Without a why, there will be no coordinated effort toward anything. Most organization founders begin with a personal why, a defined mission and that’s the beginning. The mission may shift over time based on market conditions, maturation of the CEO or maturation of the organization.

How to Organize?
With a defined mission, someone still has to decide what to do, sequence of what to do and resources required to do. In the beginning, it’s the founder. As the organization grows, decisions are distributed from the founder to others. But to whom? And with what authority? We now have a hierarchy, intentionally or by default, based on some value. The nature of that value will determine the nature of the hierarchy and determine its energy flow. Organizations get to pick that value. If the value is power, we create a power hierarchy, not sustainable.

If we create a competence hierarchy, decisions made about what to do, sequence and resources can now be based on competence. The proper distribution of decision making and problem solving goes to those roles the organization identifies as requiring the most competence.
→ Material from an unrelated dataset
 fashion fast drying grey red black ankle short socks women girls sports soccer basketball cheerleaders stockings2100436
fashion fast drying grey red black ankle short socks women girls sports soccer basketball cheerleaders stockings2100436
Degrees of competence determine which roles make which decisions. If we draw this on a piece of paper, this is organizational structure. But, what is the design criteria for competence? How do we determine, or consider who may be more competent than another? In a competence hierarchy, we certainly contemplate that we are going to have more than one competent person, so who gets which decision?

These questions determine how we divide up the work, who will have the authority for which decisions and who will be accountable for the outcome of those decisions. At some point, we run into conflict. The conflict may be about the priority of a resource, priority in a sequence or if a task needs to be completed at all. If there are layers of decisions, how many layers? Who decides?
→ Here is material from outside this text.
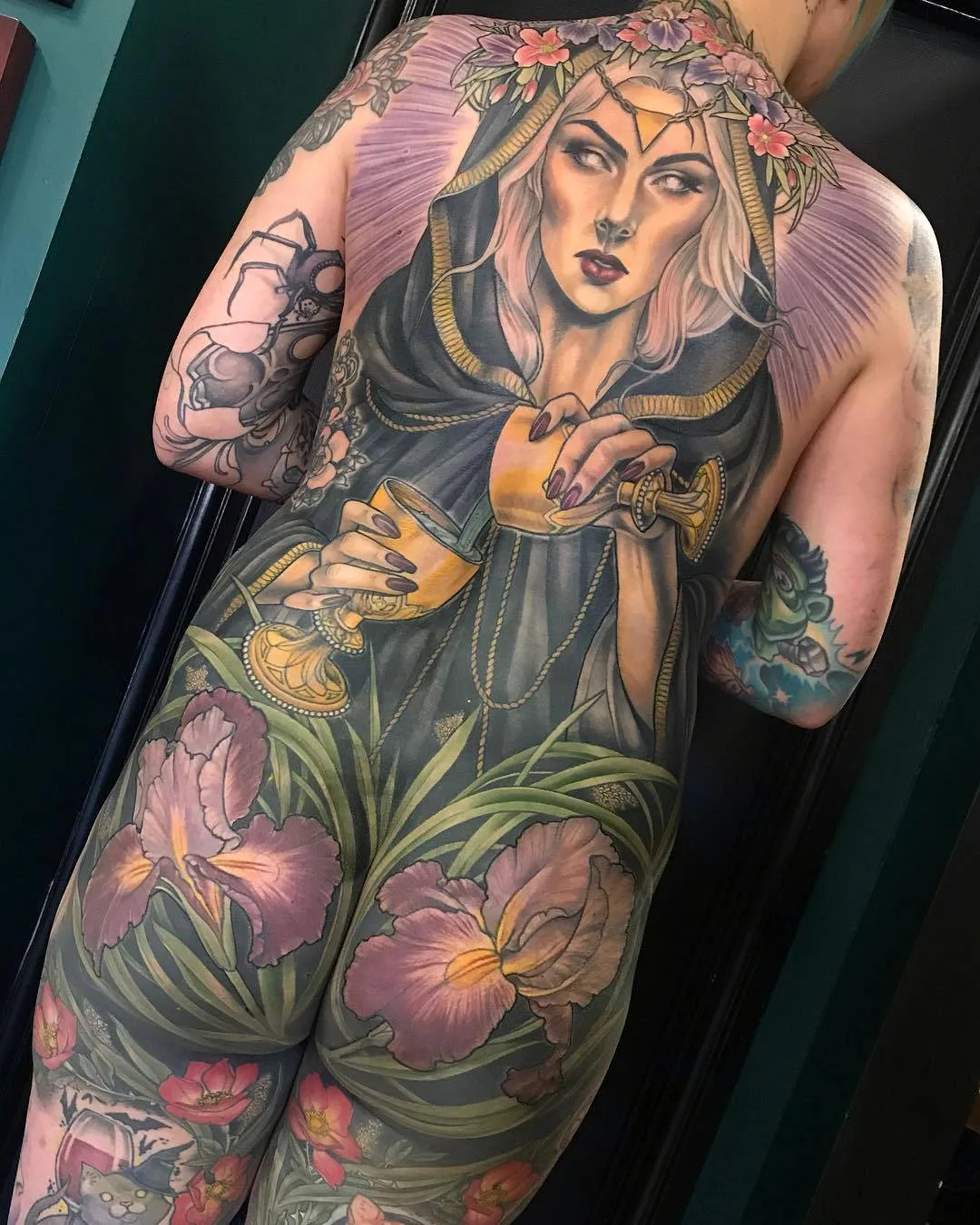 Artista de tatuagem Samantha Smith, cria tatuagem de cor neo tradicional, design individual | Calgary, Canadá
This seems like a ton of questions to answer, and the questions keep coming. How do we define the working relationships between people and keep it all straight? What is the framework to guide us? What are the metrics in that framework?

We started with chaos and order. How do we examine the chaos to find the lynchpin that brings order to the organization? I am a structure guy. If you get your structure right, your issues related to motivation and management largely go away. What’s the lynchpin?

Flow in a Hierarchy

Hierarchies are naturally created as a sorting process using a defined value. If the value is power, it’s a power hierarchy. If the value is command, it’s a command hierarchy. If the value is control, it’s a control hierarchy. If the value is competence, it’s a competence hierarchy.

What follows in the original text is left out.